Thanks for a great afternoon in Stumptown guys! Plus, thanks for leading this innocent guy into that ambush, can you say "holy bomb blast Batman?!" Can't wait till we herf again guys!


----------



## jquirit (May 14, 2007)

Change of plans. The 24th is a no-go.

We're still open for dates for the next herf. Alas both Mark and Dave will unavailable for the next few weeks, so where are the rest of you to chime in? Lanthor? Joey? Tripp? Vorb? -MG-?


----------



## Fishbeadtwo (May 30, 2006)

I'm up for a monday afternoon herf in the next few weeks.....I et I can drag along another wanna be Annexer too!


----------



## -MG- (Apr 22, 2008)

jquirit said:


> Change of plans.
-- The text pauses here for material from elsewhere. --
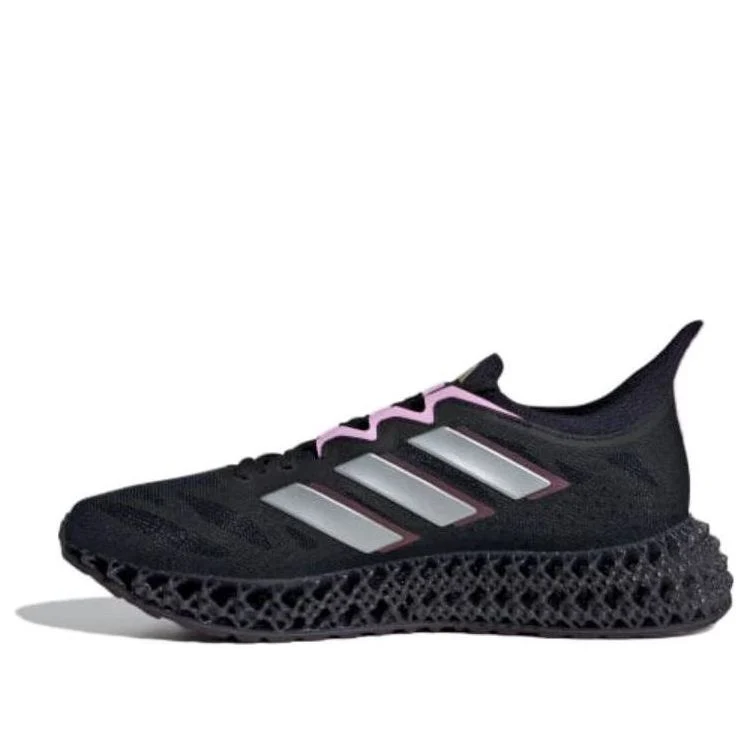 (WMNS) adidas 4DFWD 3 'Black Lilac Silver' ID3501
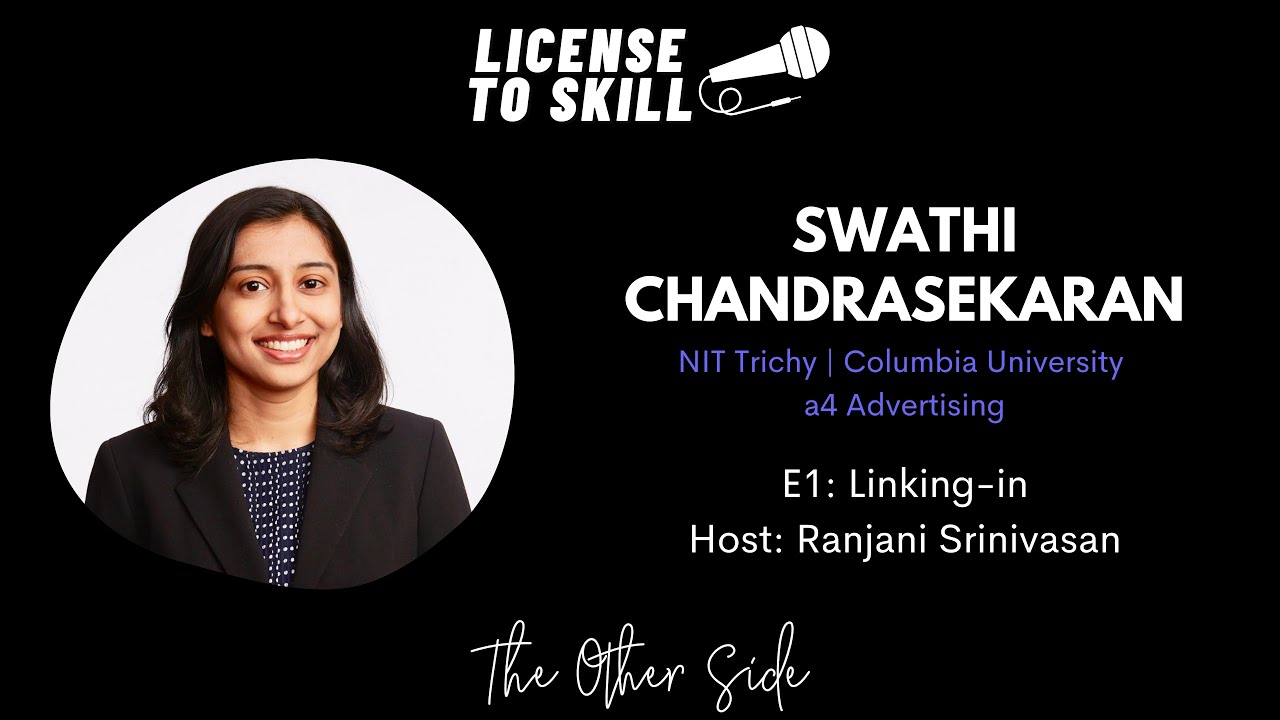 Networking On Steroids : Why You Should Create a LinkedIn Account TODAY! | License to Skill 001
The 24th is a no-go....


What?!? who vetoed my b-day herf!? :ss

I'll be out of state 6/27 to 7/8. I can probably stop in for a couple of hours if something happens before I leave.


----------



## Tripp (Nov 27, 2006)

Whenever is good with me!


----------



## Vorb (Dec 10, 2007)

I'd be down for a herf, depending on the date...

I'm moving Sat 6/28 (sold my house - WOOOOO !!!), so that's unlikely...

I need to get some stuff in order before Saturday... so between now & Saturday is unlikely too...

Then I will be on the east coast 7/2 thru 7/10...

If we can shoe horn a herf in on 6/30 or 7/1, I'd probably be there.


----------